Records drawn from a dataset
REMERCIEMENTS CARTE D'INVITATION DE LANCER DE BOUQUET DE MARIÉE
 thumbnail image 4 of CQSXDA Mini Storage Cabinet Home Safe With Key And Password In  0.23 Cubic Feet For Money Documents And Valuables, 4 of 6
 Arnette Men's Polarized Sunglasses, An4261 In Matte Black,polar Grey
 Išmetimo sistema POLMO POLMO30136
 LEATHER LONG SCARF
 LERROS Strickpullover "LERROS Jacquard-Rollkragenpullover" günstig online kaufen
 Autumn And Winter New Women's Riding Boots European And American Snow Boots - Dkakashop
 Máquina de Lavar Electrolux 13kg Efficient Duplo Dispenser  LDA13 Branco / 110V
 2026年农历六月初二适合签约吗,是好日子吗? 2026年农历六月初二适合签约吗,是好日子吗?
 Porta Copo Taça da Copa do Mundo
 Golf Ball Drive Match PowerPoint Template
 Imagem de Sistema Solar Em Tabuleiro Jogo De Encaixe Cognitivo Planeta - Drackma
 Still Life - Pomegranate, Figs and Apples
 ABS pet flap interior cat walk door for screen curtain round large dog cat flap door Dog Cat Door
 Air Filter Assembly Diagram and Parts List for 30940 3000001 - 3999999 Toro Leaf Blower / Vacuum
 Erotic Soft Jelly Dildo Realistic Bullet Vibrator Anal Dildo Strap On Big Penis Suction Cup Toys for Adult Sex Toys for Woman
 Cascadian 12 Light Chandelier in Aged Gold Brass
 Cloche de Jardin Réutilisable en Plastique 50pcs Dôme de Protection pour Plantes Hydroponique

-- Exercise objective --
Transcribe the records above exactly, beginning at the line that contains "LEATHER LONG SCARF" and ending with the line that contains "Air Filter Assembly", both included, and nothing else.

-- Answer space --
 LEATHER LONG SCARF
 LERROS Strickpullover "LERROS Jacquard-Rollkragenpullover" günstig online kaufen
 Autumn And Winter New Women's Riding Boots European And American Snow Boots - Dkakashop
 Máquina de Lavar Electrolux 13kg Efficient Duplo Dispenser  LDA13 Branco / 110V
 2026年农历六月初二适合签约吗,是好日子吗? 2026年农历六月初二适合签约吗,是好日子吗?
 Porta Copo Taça da Copa do Mundo
 Golf Ball Drive Match PowerPoint Template
 Imagem de Sistema Solar Em Tabuleiro Jogo De Encaixe Cognitivo Planeta - Drackma
 Still Life - Pomegranate, Figs and Apples
 ABS pet flap interior cat walk door for screen curtain round large dog cat flap door Dog Cat Door
 Air Filter Assembly Diagram and Parts List for 30940 3000001 - 3999999 Toro Leaf Blower / Vacuum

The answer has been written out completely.